BANJA LUKA, Bosnia and Herzegovina (AP) — Thousands of Bosnian Serbs gathered on Wednesday to protest recent decisions by the top international official in the ethnically divided Balkan country.
Serbs are angry that Christian Schmidt, the UN’s high representative for Bosnia and Herzegovina, suspended a law declaring ownership of public property to the country’s Bosnian Serb entity, Republika Srpska.
The rally in Banja Luka, the main town in the Serb-ruled Republika Srpska, was organized by an organization of veterans.
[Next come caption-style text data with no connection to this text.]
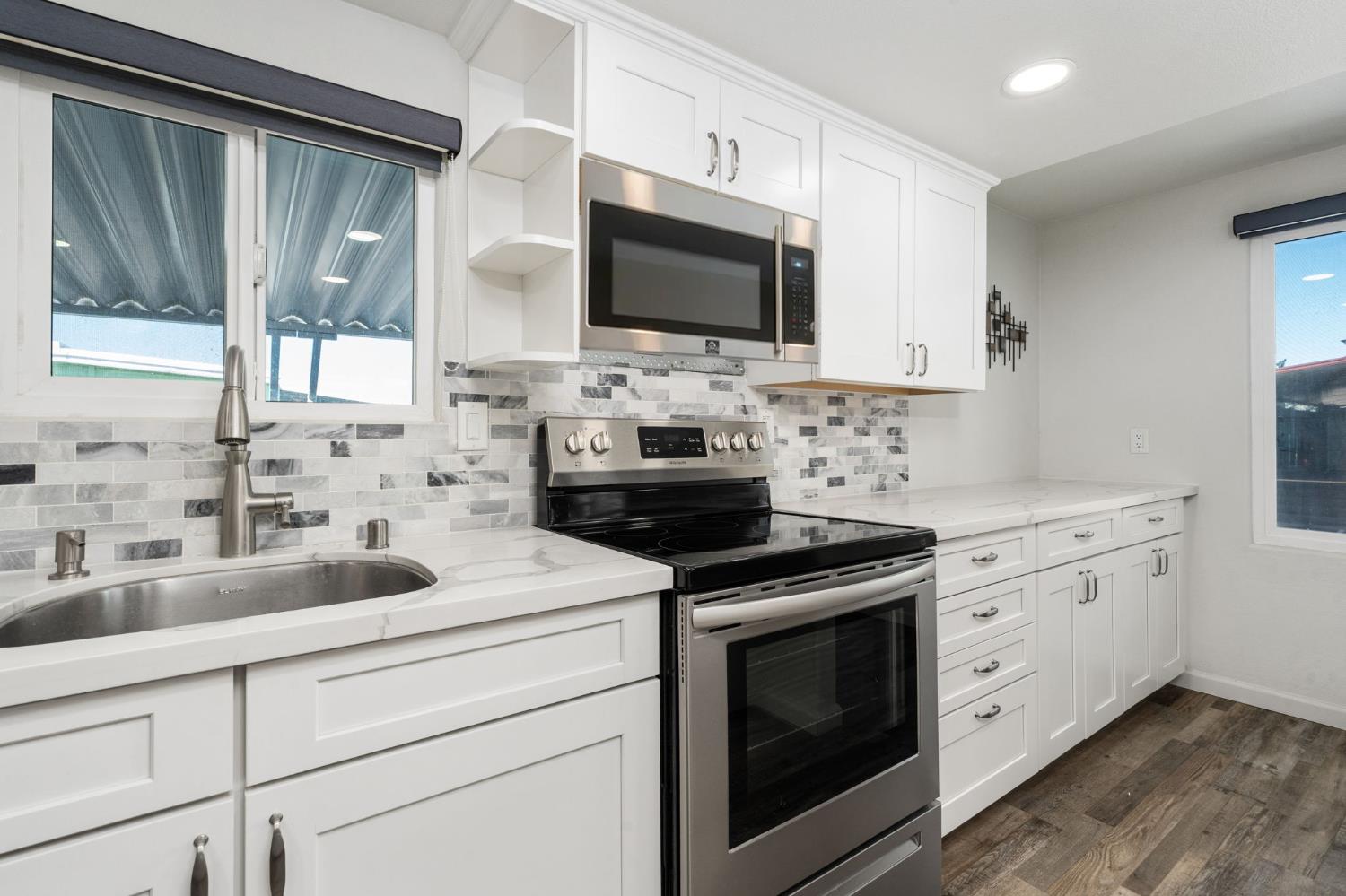 1001 Sylmar Ave #173, Clovis, CA 93612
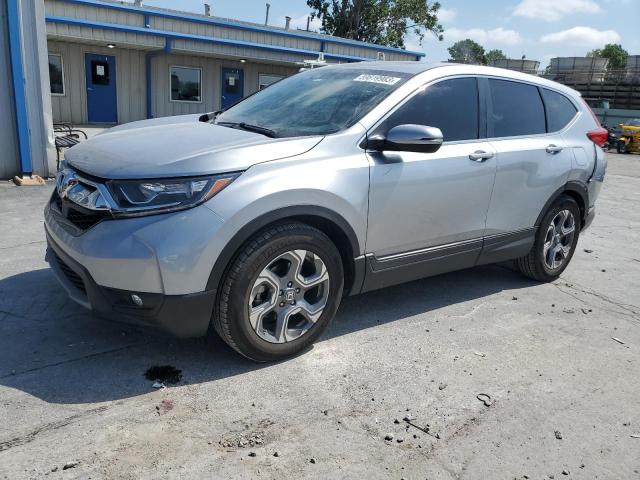 Photo 0 VIN: 7FARW1H53JE050152 - HONDA CR-V EX 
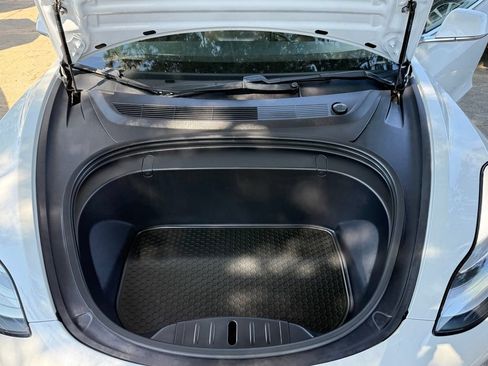 Used 2019 Tesla Model 3 Long Range AWD/4WD image 11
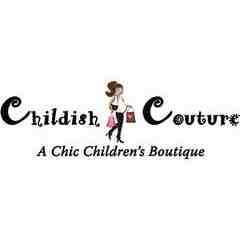 Childish Couture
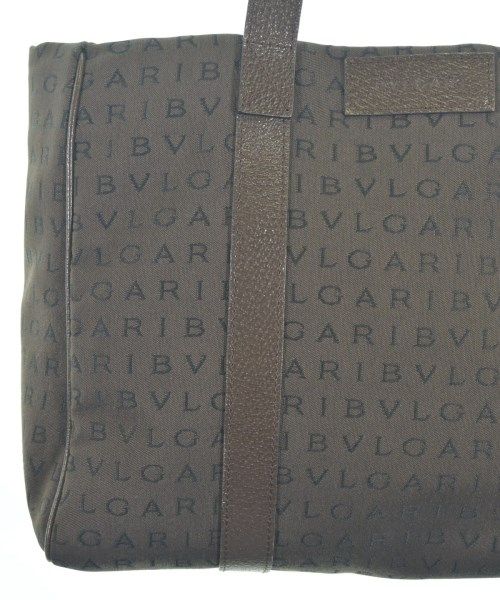 Bottega Veneta Tote Bag Brown — view 6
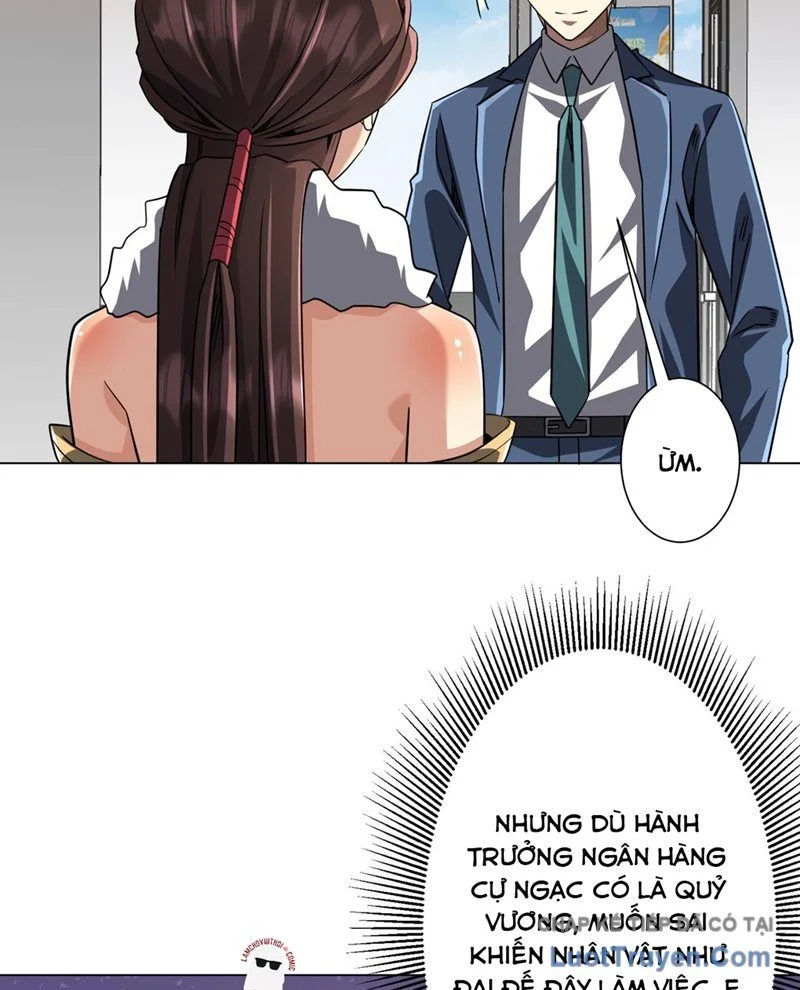 Bắt Đầu Với Trăm Vạn Minh Tệ Chapter 278 - Trang 2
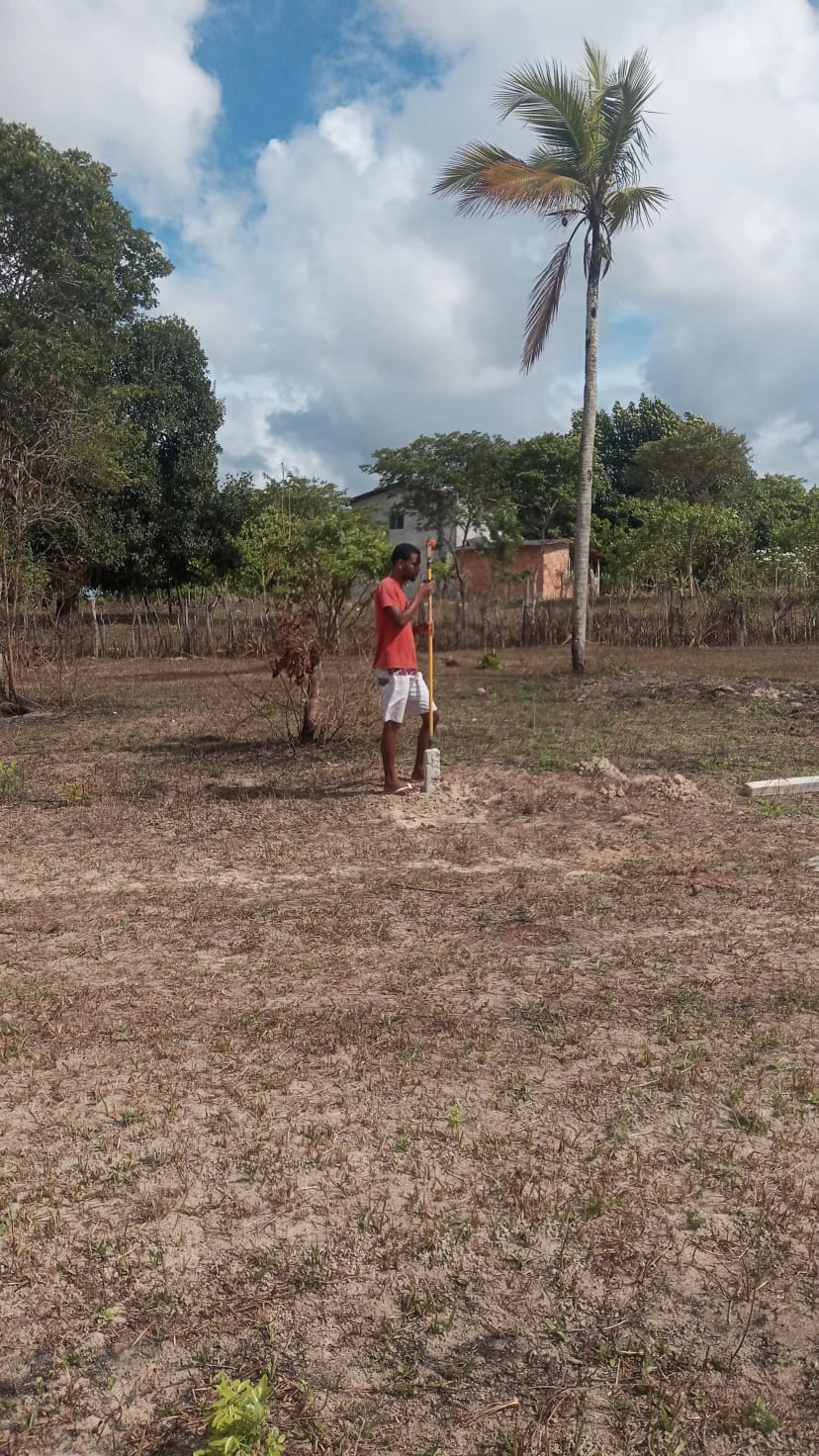 Loteamento em alagoinhas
Participants carried Serbian flags and the rally ended peacefully.
“It’s a clear message,” Milorad Dodik, the country’s top Bosnian Serb politician, told reporters.
Dodik rejected Schmidt’s decision to suspend Bosnian Serb law.
Bosnia went through a devastating war from 1992 to 1995 in which more than 100,000 people died before a US-brokered peace deal ended the conflict. The Office of the High Representative was created to oversee post-war reconciliation efforts.
The peace accord, also known as the Dayton Accords, created Bosnian Serb and Bosnian Croat entities linked by common Bosnian institutions and a tripartite presidency.
The war in Ukraine raised fears that the unrest could spread to the volatile Balkans, where Russia maintained strong influence among other Slavic Serbs.
Dodik, seen as pro-Russian, faced US and British sanctions for undermining the unity of Bosnia.